Your goal.
Transcribe all of the records word for word, please, omitting the pictures.

******

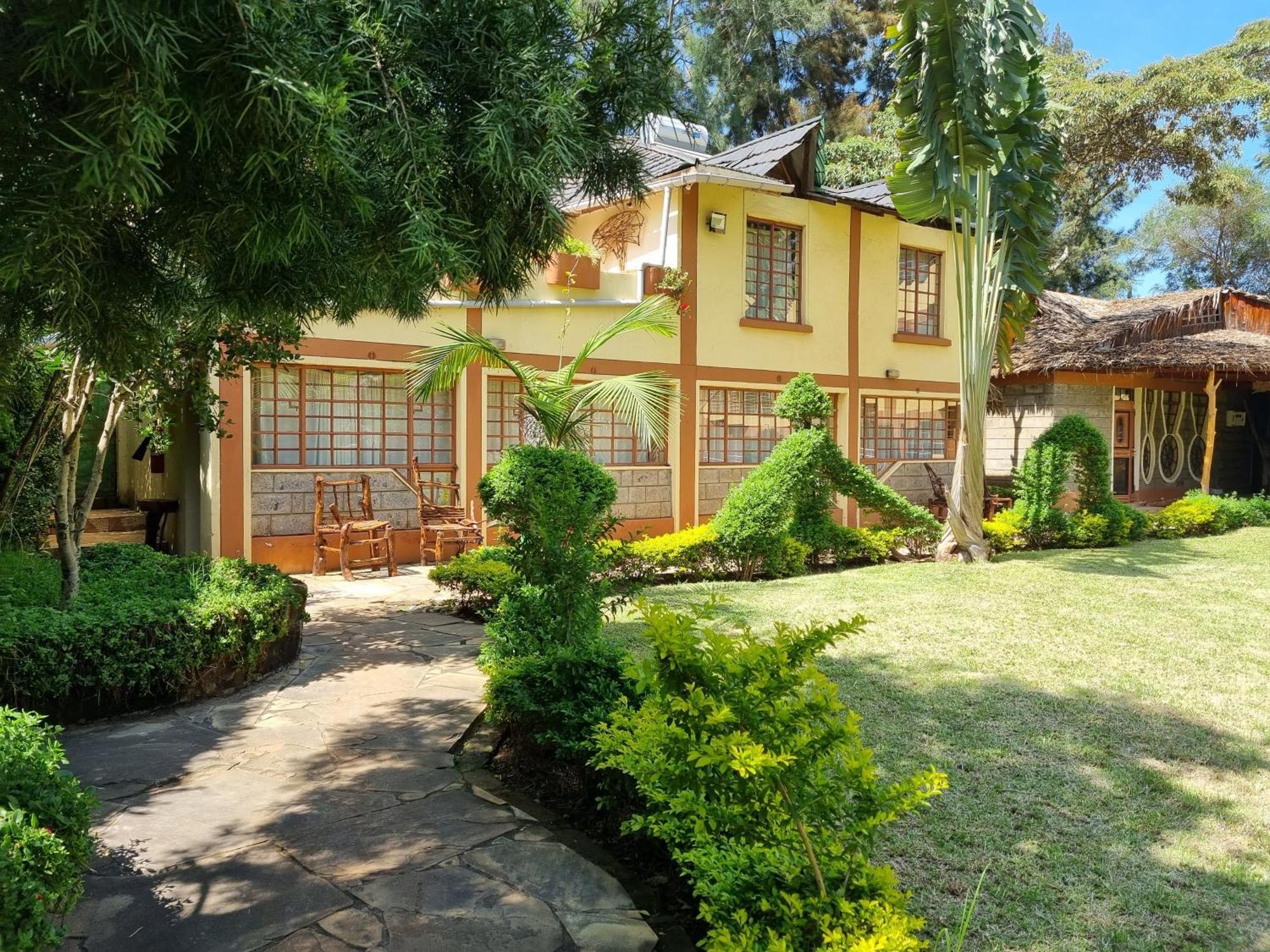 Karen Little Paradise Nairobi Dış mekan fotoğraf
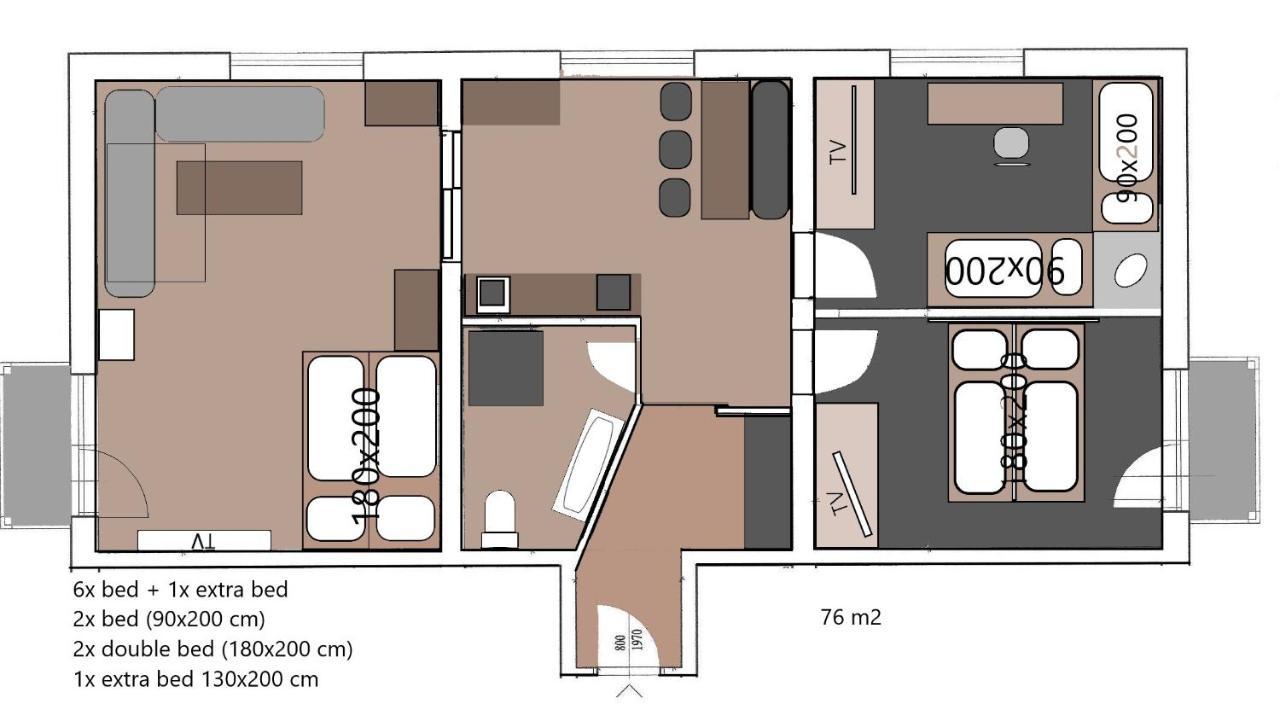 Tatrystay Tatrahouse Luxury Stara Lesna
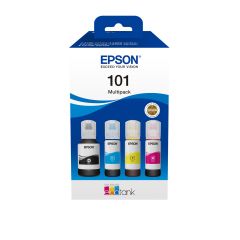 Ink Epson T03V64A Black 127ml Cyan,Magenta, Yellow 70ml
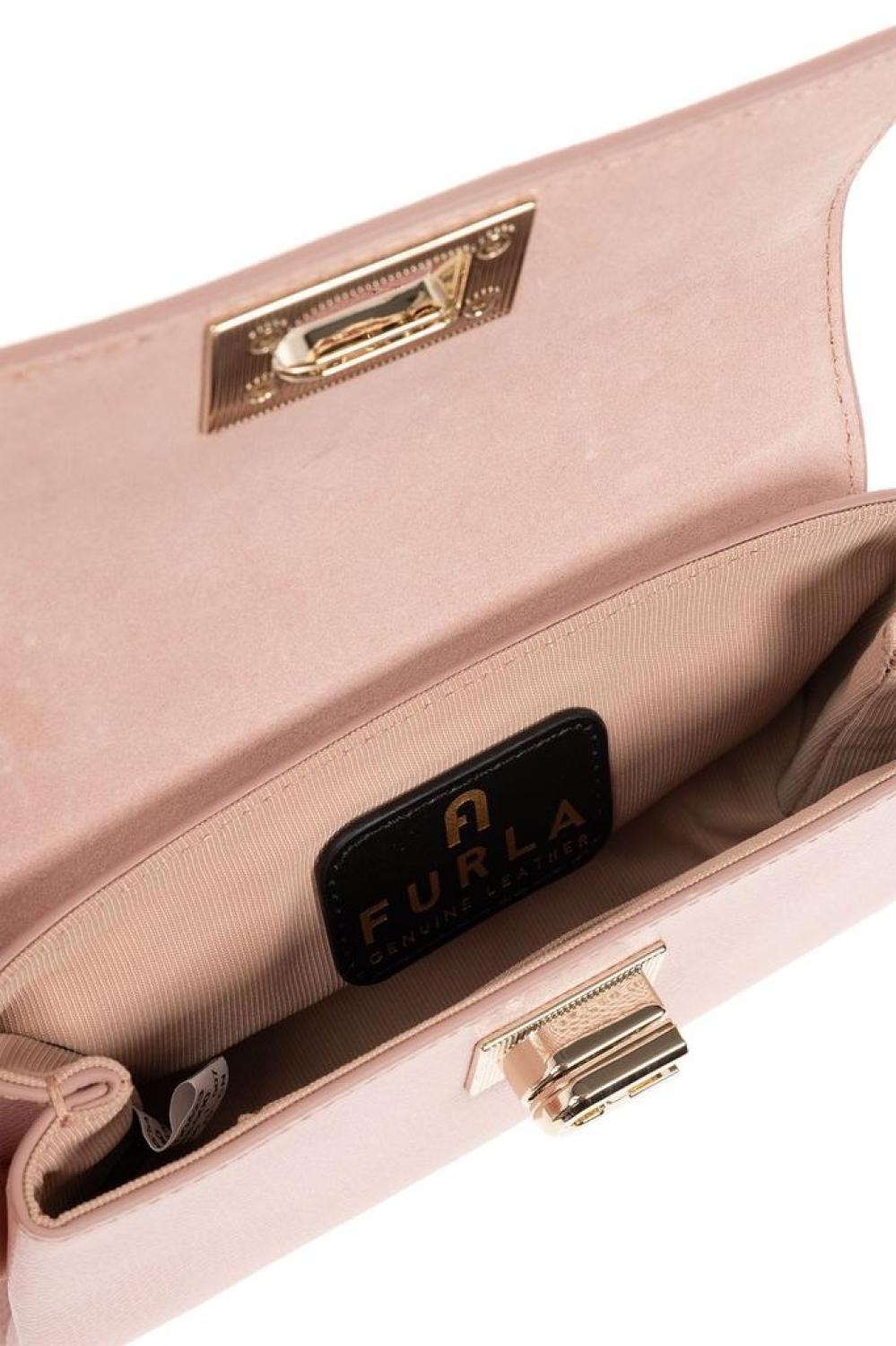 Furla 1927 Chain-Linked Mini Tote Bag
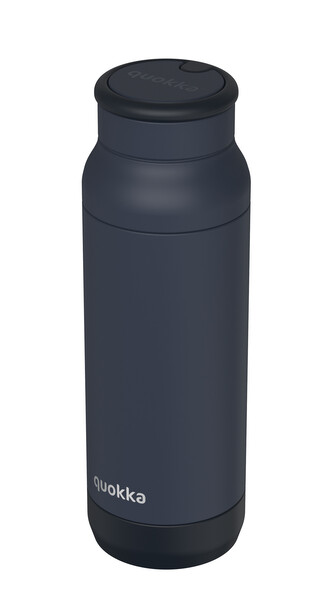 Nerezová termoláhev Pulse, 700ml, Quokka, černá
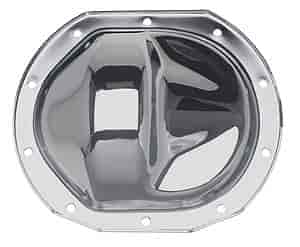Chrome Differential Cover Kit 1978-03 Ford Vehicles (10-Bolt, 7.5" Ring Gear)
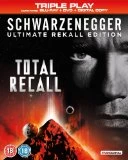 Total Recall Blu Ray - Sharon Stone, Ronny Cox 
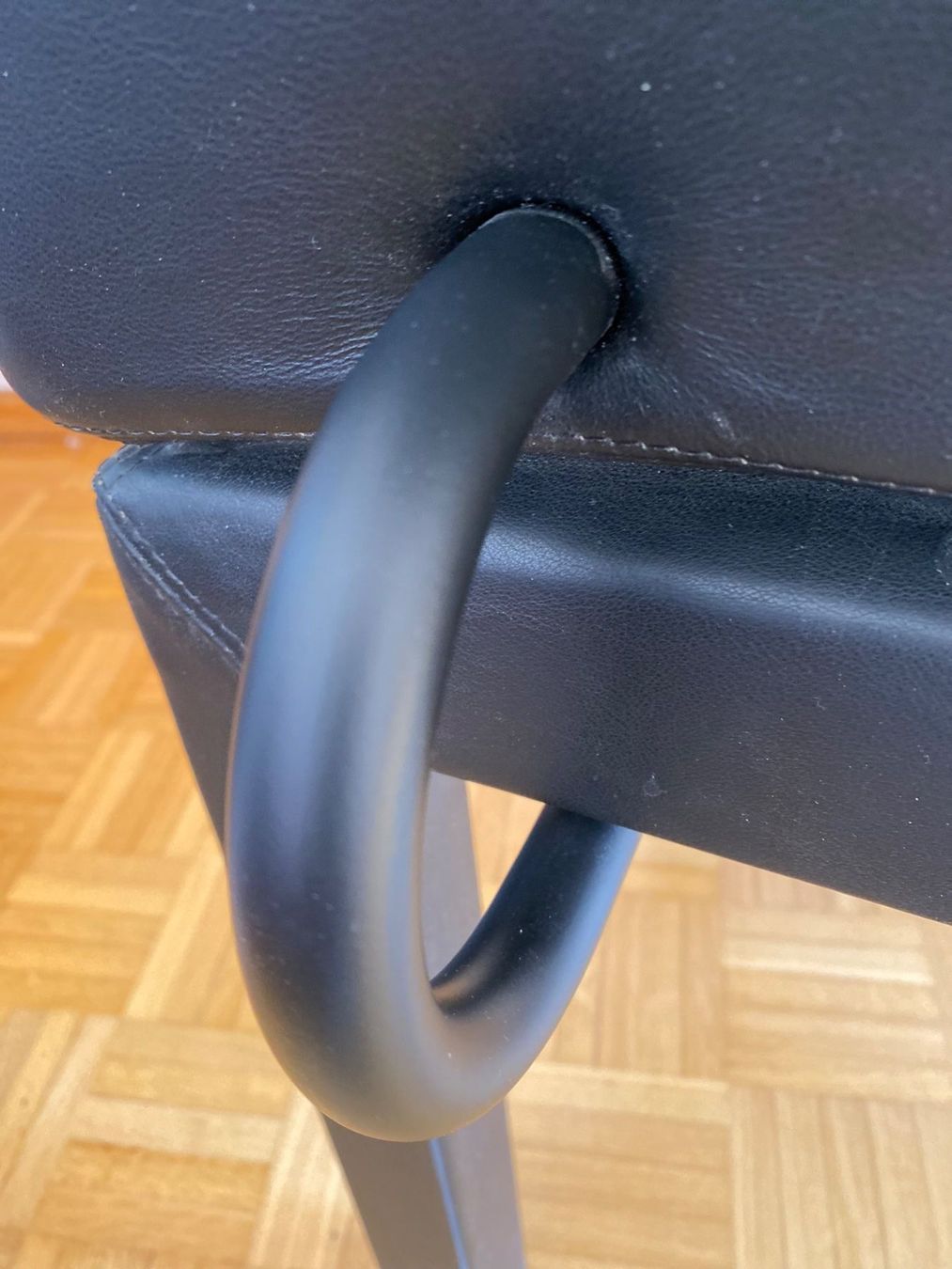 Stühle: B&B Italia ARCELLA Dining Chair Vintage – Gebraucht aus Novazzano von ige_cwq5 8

******

Answer to this exercise.
 Karen Little Paradise Nairobi Dış mekan fotoğraf
 Tatrystay Tatrahouse Luxury Stara Lesna
 Ink Epson T03V64A Black 127ml Cyan,Magenta, Yellow 70ml
 Furla 1927 Chain-Linked Mini Tote Bag
 Nerezová termoláhev Pulse, 700ml, Quokka, černá
Chrome Differential Cover Kit 1978-03 Ford Vehicles (10-Bolt, 7.5" Ring Gear)
 Total Recall Blu Ray - Sharon Stone, Ronny Cox 
 Stühle: B&B Italia ARCELLA Dining Chair Vintage – Gebraucht aus Novazzano von ige_cwq5 8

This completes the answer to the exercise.